Sekwazprod : l’ouverture se fait sur les idées, ensuite sur les personnes. Quelles sont les idées fortes des ministres venant de la gauche ?

Aucune. L’ouverture c’est du débauchage d’un côté, de la trahison de l’autre. On a entendu aucune idée de la part de ceux qui ont changé de camp, sauf de l’un d’entre eux : Kouchner et c’est sur la guerre. Celui-là est un belliciste. Il cherche noise à la Chine au Darfour. Il décide tout seul qu’il faut changer le Président en Irak. Il augmente les troupes en Afghanistan et il est pour étendre la guerre de Bush au Moyen Orient. Celui-là, c’est l’ouverture à la guerre mondiale, Sarkozy l’a bien choisi.

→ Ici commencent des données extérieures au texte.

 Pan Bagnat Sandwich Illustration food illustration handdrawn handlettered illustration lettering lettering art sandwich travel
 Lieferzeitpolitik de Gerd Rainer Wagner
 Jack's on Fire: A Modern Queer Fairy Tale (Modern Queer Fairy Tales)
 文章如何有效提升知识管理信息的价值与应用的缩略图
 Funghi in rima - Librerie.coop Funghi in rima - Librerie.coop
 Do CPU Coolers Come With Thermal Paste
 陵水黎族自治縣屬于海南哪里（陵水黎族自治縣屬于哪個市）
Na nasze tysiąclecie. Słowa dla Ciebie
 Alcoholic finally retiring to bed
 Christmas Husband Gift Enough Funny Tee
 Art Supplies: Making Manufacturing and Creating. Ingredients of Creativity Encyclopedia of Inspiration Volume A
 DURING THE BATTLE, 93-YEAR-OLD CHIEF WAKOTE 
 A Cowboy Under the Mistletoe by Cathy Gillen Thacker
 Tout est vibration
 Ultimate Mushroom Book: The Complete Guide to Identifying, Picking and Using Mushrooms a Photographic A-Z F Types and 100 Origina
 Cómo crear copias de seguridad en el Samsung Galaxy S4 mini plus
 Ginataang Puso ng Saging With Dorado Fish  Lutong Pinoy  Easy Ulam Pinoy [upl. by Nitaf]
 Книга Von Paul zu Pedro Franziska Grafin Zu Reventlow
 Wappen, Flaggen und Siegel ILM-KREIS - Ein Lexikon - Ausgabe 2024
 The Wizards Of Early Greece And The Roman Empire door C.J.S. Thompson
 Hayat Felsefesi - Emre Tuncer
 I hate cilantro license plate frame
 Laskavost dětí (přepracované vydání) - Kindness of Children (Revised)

Sekwazprod : pour ma part, je pense qu’il n’y a aucune idée forte mais plutôt "complaisance", "carrière personnelle", êtes-vous d’accord avec cela ?

Oui, parce que quand j’étudie au cas par cas, vu qu’il n’y a pas d’idées, il faut bien chercher l’explication pour beaucoup derrière la corruption et le clinquant du pouvoir.

Sekwazprod : par ailleurs, ne pensez-vous pas que les municipales, quoi qu’on en dise, vont être cruciales ?

Oui, elles seront très importantes, si on réussit à cette occasion à déstabiliser l’actuel omniprésident. Ce sera une élection très politique, et c’est pour cela que la gauche doit y mettre toutes ses forces en s’unissant partout où que ce sera possible, dès le premier tour. Ce n’est pas le moment de faire des concurrences à gauche où de se "compter" pour des questions subalternes. C’est le moment de reconstruire au maximum une gauche unie, qui nous a fait tant défaut, lors des élections passées.

Comaloga : pour moi les ministres qui sont passés chez Sarkozy renient non seulement leurs convictions, mais celles des gens authentiquement de gauche et les combats passés...

La gauche s’en remettra. Ces "jaunes", ne laisseront pas de traces importantes. Mais vous avez raison il faut des idées fortes, si François Hollande avait choisi le non, en 2004 et 2005, il serait sûrement Président de la République, à l’heure qu’il est. Ce fut un mauvais choix, qui a divisé la gauche. Encore aujourd’hui, le mini traité de Sarkozy, tente de faire repasser en contrebande le même TCE. Il faut s’y opposer aujourd’hui, comme hier. Il faut demander un référendum pour ne pas que l’opinion des français soit volée. Il faut dire “non” pour que l’Europe soit sociale, et non pas libérale. Le libéralisme aujourd’hui mène une guerre terrible pour augmenter les profits, réduire les salaires, les protections sociales. Il faut une gauche qui soit aussi fidèle aux travailleurs, que la droite est fidèle au patronat.

Nini : ne pensez-vous pas que cette "ouverture" à gauche va bientôt prendre fin ? et que tous ces ministres vont être "renvoyés" dès le prochain remaniement ?

Probablement. Ils se comportent comme des valets séduits par l’omniprésident, l’omniprésident les traitera comme tels.

Pascal : je suis peut-être hors sujet, mais que pensez-vous du mouvement de grève qui bloque en ce moment les transports, pour le maintien des régimes spéciaux ?

Il est vital. Il n’y a pas de régimes spéciaux, ce sont des régimes normaux. Le problème ce n’est pas de les supprimer, mais de les étendre. Il y a d’autres professions qui ont des pénibilités physiques et mentales, le bâtiment par exemple. Quand je vois un vieil ouvrier de 55 ans, derrière son marteau piqueur, je me dis qu’il devrait être en retraite. Je considère qu’il faudrait un régime spécial pour le bâtiment, c’est 1,1 million de salariés, plutôt que de chercher injustement à supprimer le régime spécial de 18 000 conducteurs de train. Le pouvoir actuel fait semblant de déshabiller Lucien le cheminot, pour habiller Paulette la commerçante, mais le fond de sa politique c’est de faire que les retraites de Lucien et de Paulette baissent dans les deux décennies qui viennent.

Gérard Filoche, inspecteur du travail à Paris, animateur du courant gauche socialiste au PS, a répondu aux questions des Libénautes.